Landlord accepted £40,000 stolen whisky as rent payment
- Published
A landlord accepted almost £40,000 of rare stolen whisky from a tenant in lieu of £1,400 unpaid rent, a court was told.
Kenneth McLean, 48, was caught with 57 bottles of rare malt hidden in his loft by police acting on a tip off.
They were investigating complaints that valuable whiskies had gone missing from a storage vault in Grangemouth used by drinks giant Diageo.
McLean was given a community sentence for possessing stolen goods.
He admitted the criminal offence of reset and was ordered to complete 200 hours of unpaid work at Falkirk Sheriff Court.
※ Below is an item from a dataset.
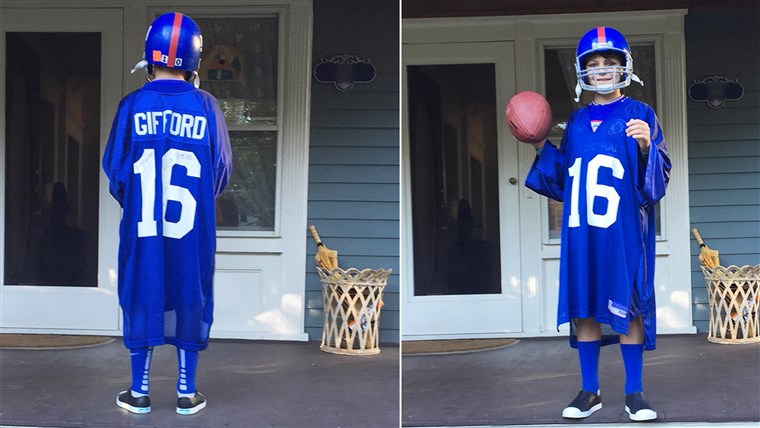 Јоанне LaMarca's son, Mack, shows off the front and back of his Frank Gifford jersey.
The court was told that the whiskies had gone missing from the bonded warehouse last July.
Officers were subsequently told that McLean had a large quantity of spirits in the attic of his home in Avonbridge, near Falkirk.
'Wilfully blind'
Nine bottles of 37-year-old Port Ellen, worth almost £2,500 each and seven bottles of Brora 1977 worth a total of £12,250 were among the whiskies recovered.
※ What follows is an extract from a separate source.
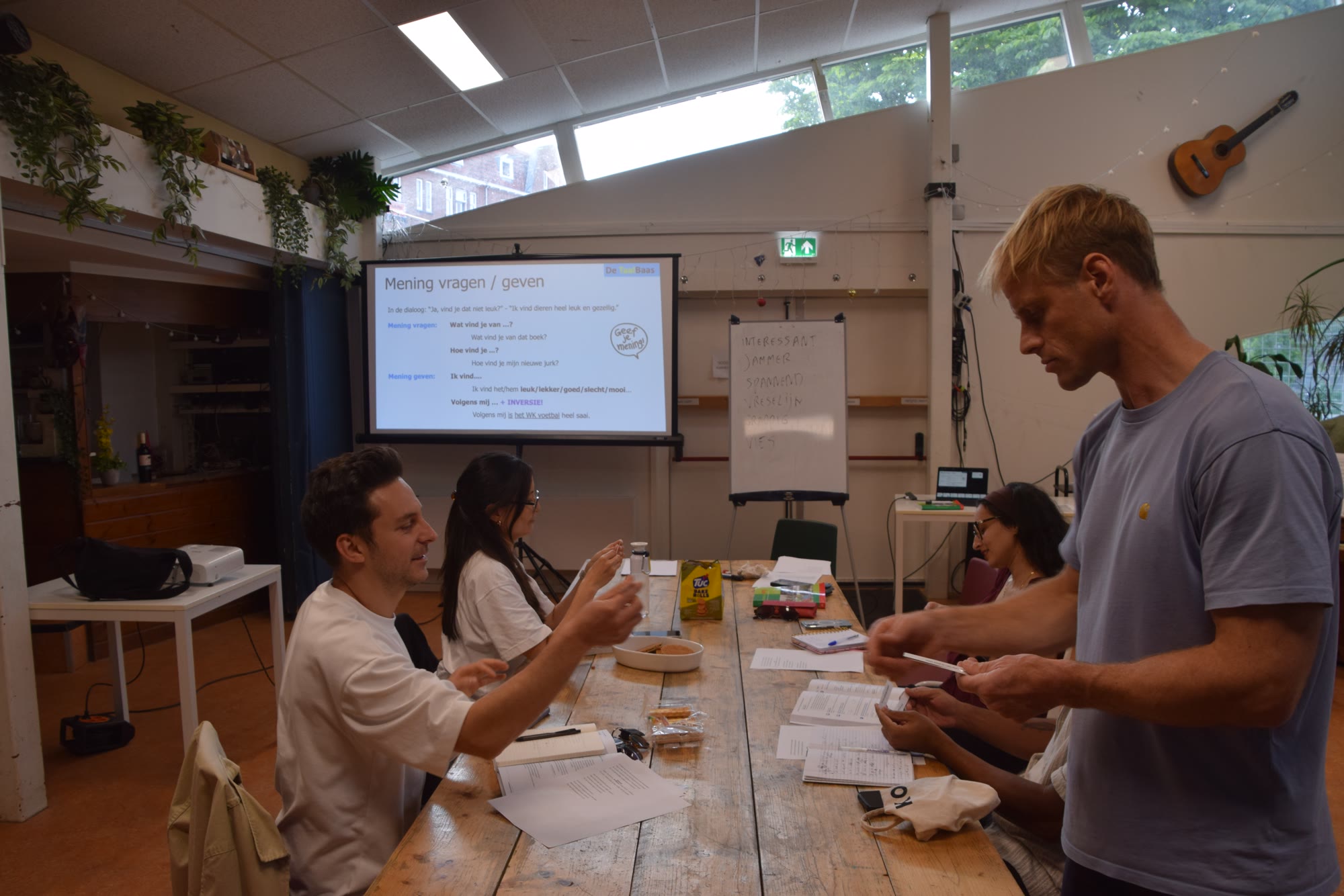 Tim geeft een interactieve Nederlandse les aan een groep studenten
None of the bottles, which had a total value of £39,272, had been duty-paid and could not have been legally sold in the UK
McLean was arrested and in an initial police interview he claimed he had bought the whisky for cash, paying up to £2,500 for some of the bottles.
He told officers he intended to keep the whiskies for five or 10 years, then sell them at a profit.
However, it emerged that McLean told social workers compiling a report that he had accepted them as rent, and had been "wilfully blind" to the probability they were stolen.
Solicitor advocate Martin Morrow, defending McLean, said: "He acknowledges he has been extremely foolish."